*** TASK INPUTS Section Begins ***
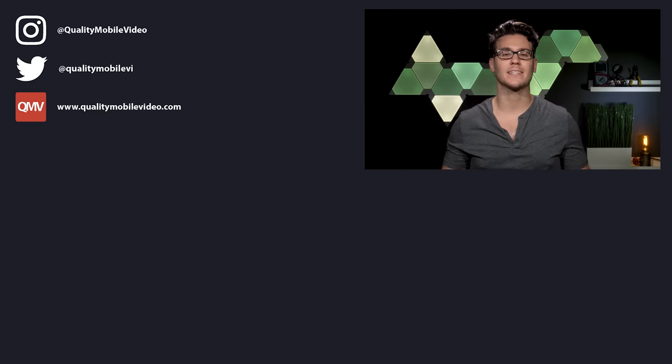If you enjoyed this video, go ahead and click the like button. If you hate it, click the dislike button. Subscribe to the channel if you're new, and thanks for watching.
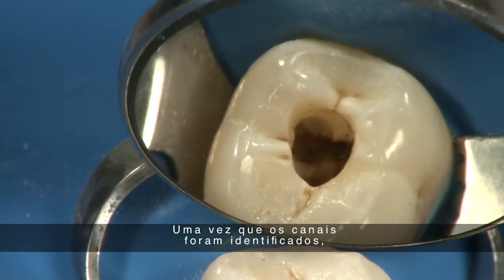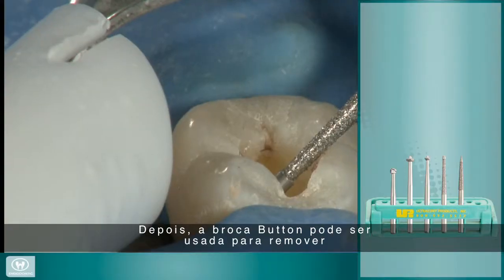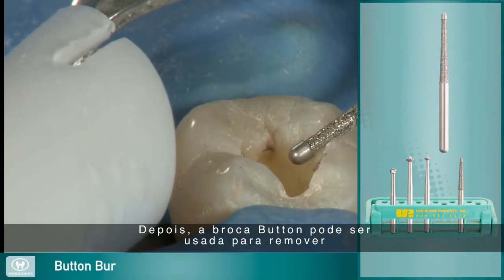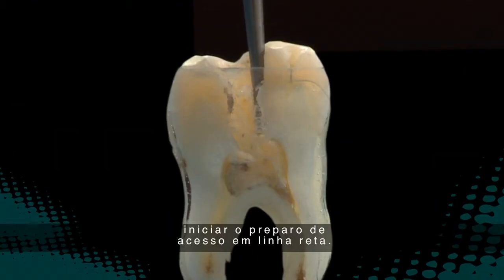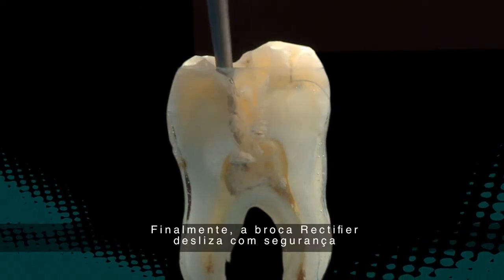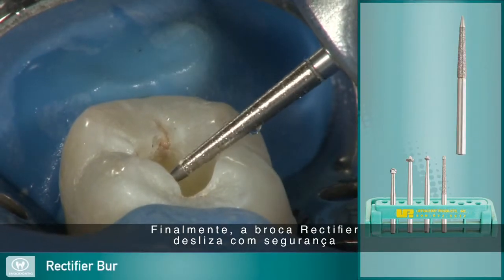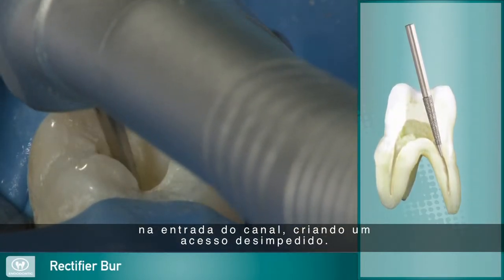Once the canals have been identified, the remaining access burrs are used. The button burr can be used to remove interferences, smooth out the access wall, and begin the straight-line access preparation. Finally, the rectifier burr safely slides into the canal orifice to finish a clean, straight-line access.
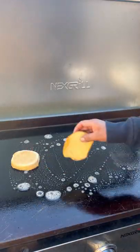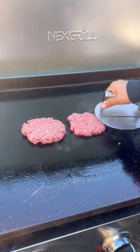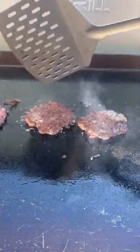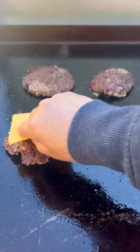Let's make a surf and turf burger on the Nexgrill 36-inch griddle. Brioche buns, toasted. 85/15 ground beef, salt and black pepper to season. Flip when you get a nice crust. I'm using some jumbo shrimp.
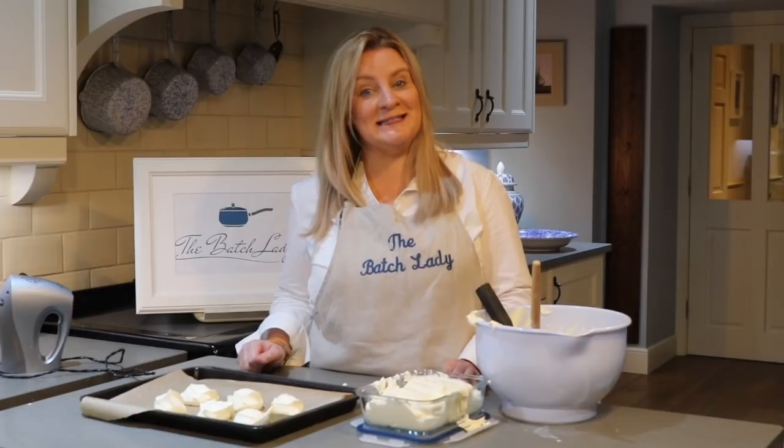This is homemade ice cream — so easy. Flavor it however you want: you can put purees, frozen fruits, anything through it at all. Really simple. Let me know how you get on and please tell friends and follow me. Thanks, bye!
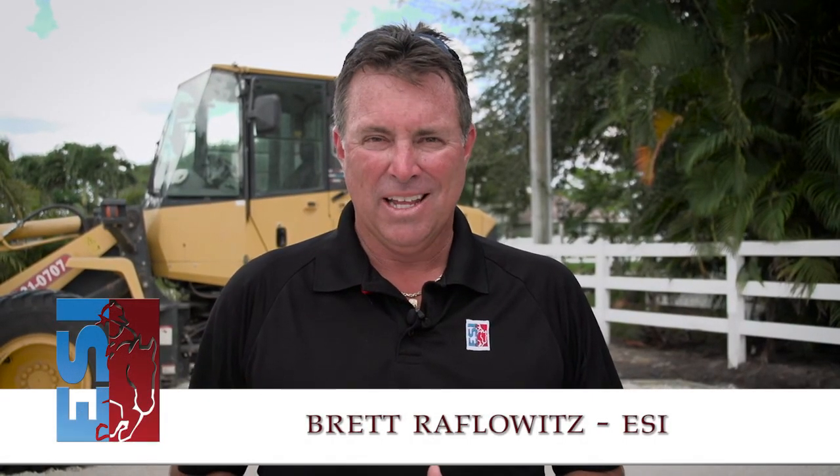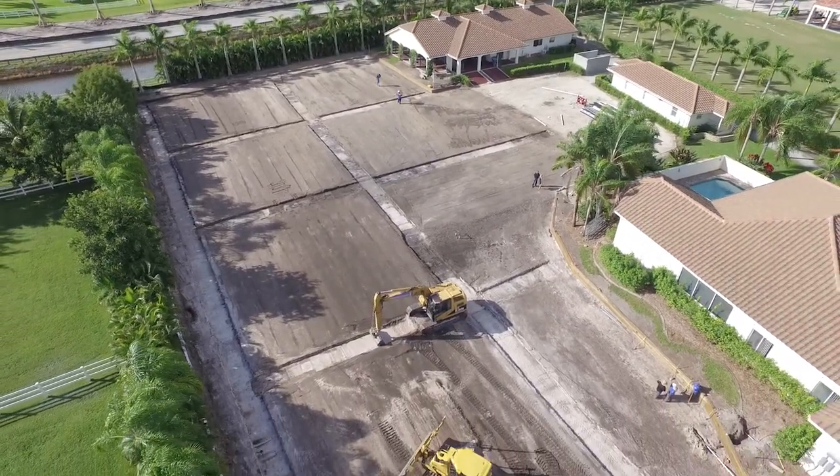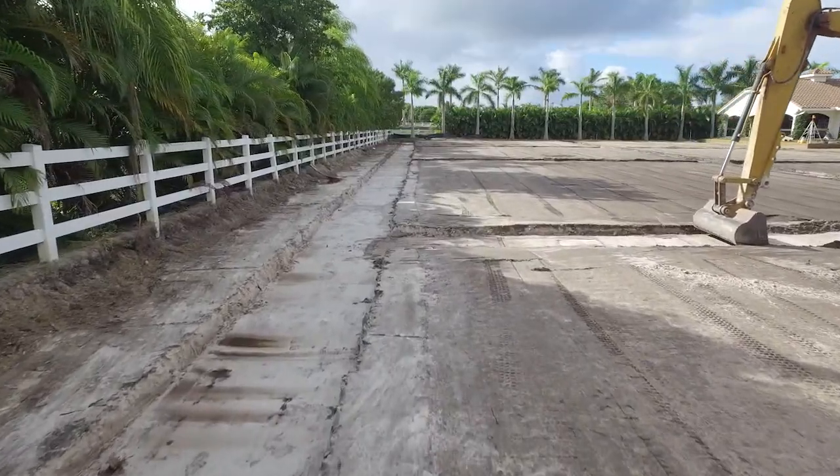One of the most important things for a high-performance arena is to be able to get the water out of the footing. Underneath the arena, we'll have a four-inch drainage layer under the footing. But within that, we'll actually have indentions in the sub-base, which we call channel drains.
*** TASK INPUTS Section Ends ***
» **TASK BRIEF**
Your output must match the records word for word, apart from the images, which are left out.

» **OUTPUT FOR THIS TASK**
If you enjoyed this video, go ahead and click the like button. If you hate it, click the dislike button. Subscribe to the channel if you're new, and thanks for watching.
Once the canals have been identified, the remaining access burrs are used. The button burr can be used to remove interferences, smooth out the access wall, and begin the straight-line access preparation. Finally, the rectifier burr safely slides into the canal orifice to finish a clean, straight-line access.
Let's make a surf and turf burger on the Nexgrill 36-inch griddle. Brioche buns, toasted. 85/15 ground beef, salt and black pepper to season. Flip when you get a nice crust. I'm using some jumbo shrimp.
This is homemade ice cream — so easy. Flavor it however you want: you can put purees, frozen fruits, anything through it at all. Really simple. Let me know how you get on and please tell friends and follow me. Thanks, bye!
One of the most important things for a high-performance arena is to be able to get the water out of the footing. Underneath the arena, we'll have a four-inch drainage layer under the footing. But within that, we'll actually have indentions in the sub-base, which we call channel drains.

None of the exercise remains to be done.